After the film, new fans waited for a few nervous words and the requisite selfie with a grinning Wood. “The gratitude I saw in them was the same gratitude I feel for those giants who inspired, protected, and taught me with their beautiful and generous spirits,” Wood says.

Photo from Miss Rosewood.

It was in Guadalajara that Wood saw the film in its entirety for the first time. “Seeing the film on a big screen was like getting hit by a truck Some excruciating moments were there in front of me, moments you push back into the caverns of your mind. Remembering the physical and emotional pain of those years all in the space of an hour was like getting covered with cuts from some unseen blade. I just laughed, winced, and cried.”

Jensen’s project provokes us to think about how we’re socialized to understand gender, art, identity, and individuality. In the film, NYU historian Joe Jeffreys describes Wood as “an obscenity wrapped in a perversity,” linking her to Divine, Leigh Bowery, and GG Allin. But with Wood there is a science to her art. Sophia Urista, a past Mistress of Ceremonies at The Box, recalls Wood’s perfectionism after a decade of working together: “Her art comes first. Whatever she’s doing on stage that night, you can just see it brewing in her brain.”
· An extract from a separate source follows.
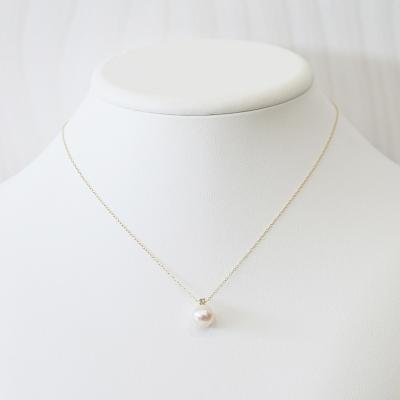 ふるさと納税 天草市 真珠 ネックレス 8-8.5mm ホワイトピンク ブルートパーズ K10YG_S085-566 |  | 02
As the film travels the globe, Wood still takes a casual approach to her burgeoning fame. “The film has its life and I have mine,” she says, “My work is performance, and is something very immediate and ephemeral.” I ask Wood how she would acclimate to larger audiences beyond her usual intimate Box crowds. “Fame may well benefit the film, but for me, it would be a burden,” she says. “I’d like people to experience what I do without expectation. Fame would only diminish the pleasure that I can give others. No thanks!”